Samuel Furfari : En 1992, année de l'adoption de la Convention-cadre des Nations Unies sur les changements climatiques, le Canada a émis 442 millions de tonnes de CO₂ (Mt CO₂). L'année dernière, il a émis 527 Mt CO₂. Il s'agit d'une augmentation de près de 20 %. Il faut également noter qu'avant la pandémie de Covid, les émissions de CO₂ du Canada étaient de 571 Mt CO₂, l'augmentation a donc été de 30 %. Cela souligne que la crise du Covid a frappé ici comme ailleurs.
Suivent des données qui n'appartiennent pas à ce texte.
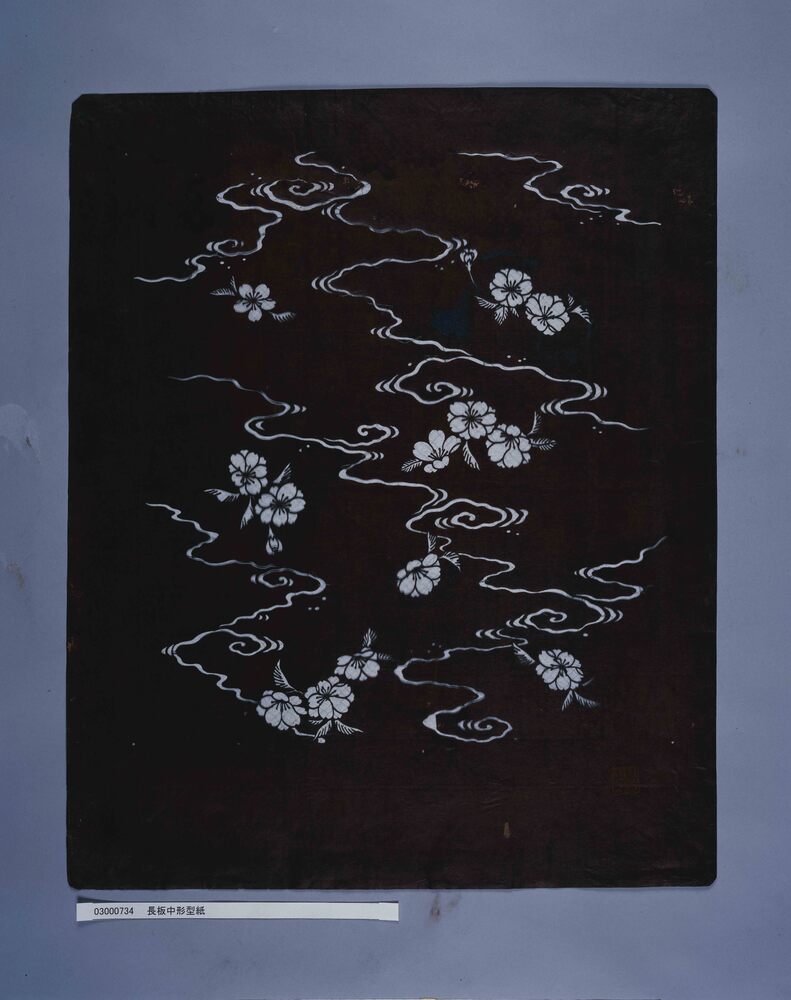 作品画像：長板中形型紙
Mais cela montre aussi que si un pays veut créer des emplois, offrir une croissance qui soutient la qualité de vie, il ne faut pas s'attendre à une réduction de ces émissions.

Ce n'est pas seulement pendant le mandat de Justin Trudeau qu'il y a eu une augmentation. Son prédécesseur, Stephen Harper, a fait de même. Elle est constante depuis que les leaders mondiaux ont affirmé que nous allions réduire ces émissions.
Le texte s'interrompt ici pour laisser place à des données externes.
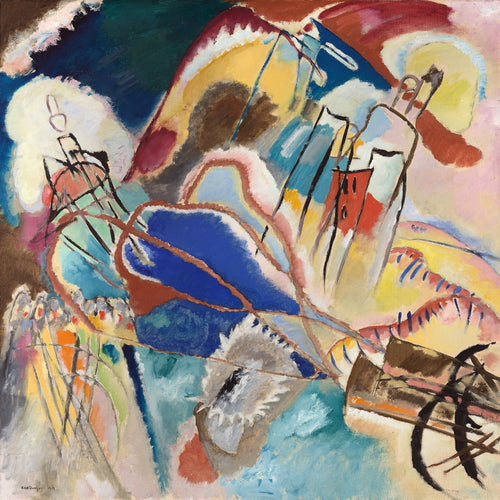 Wassily Kandinsky, Improvisation No. 30 (Cannons), 1913. Art Institute of Chicago, CC0.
Malgré les grandes déclarations lors de 26 COP les émissions mondiales de CO₂ ont augmenté de 59 % depuis l'adoption de cette convention alors que son objectif était de limiter les émissions mondiales de CO₂. Sans la pandémie de Covid, elles auraient probablement augmenté de 65 %. Dans le monde réel, lorsque les résultats sont si mauvais et si contradictoires avec l'objectif, des mesures drastiques sont prises sans hésitation, soit pour abandonner l'objectif irréaliste, soit pour changer l'équipe défaillante. Dans le contexte du changement climatique, c'est le contraire qui est vrai. Plus les émissions mondiales de CO₂ augmentent, plus, avec la complicité des médias et des ONG environnementales, les mêmes litanies sont répétées, au Canada et ailleurs.

Les émissions de CO₂ des pays non membres de l'OCDE ont augmenté de 134 % ; les émissions de la Chine ont explosé de 311 %, le record de croissance étant détenu par le Vietnam qui a produit 1300 % de CO₂ en plus. L'Afrique n'a augmenté ses émissions de CO₂ que « de 93 % » parce qu’elle est malheureusement à la traîne dans la course au développement.
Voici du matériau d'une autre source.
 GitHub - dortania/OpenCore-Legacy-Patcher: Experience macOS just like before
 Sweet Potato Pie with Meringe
Donc le gouvernement canadien est un bon élève par rapport aux autres. Pour les émissions de CO₂ c'est comme les riches et les pauvres, il y a toujours quelqu'un qui est plus riche ou plus pauvre. Donc Justin Trudeau va continuer à parler sans obtenir de résultats. Dans quelques semaines, il répétera sans doute sa litanie à Sharm-el-Sheik lors de la COP-27 dont nous savons déjà qu'elle sera un échec plus retentissant que les précédentes.

Quels ont été les principaux échecs du Canada en matière de politique énergétique et environnementale dans le cadre de la réduction des émissions carbone ?

Justin Trudeau n'a pas de baguette magique pour faire baisser les émissions de CO₂. Personne ne l'a et donc les plans qu'il a mis en place ne pouvaient pas fonctionner. C'est évident partout comme le montrent les chiffres qui viennent d'être cités.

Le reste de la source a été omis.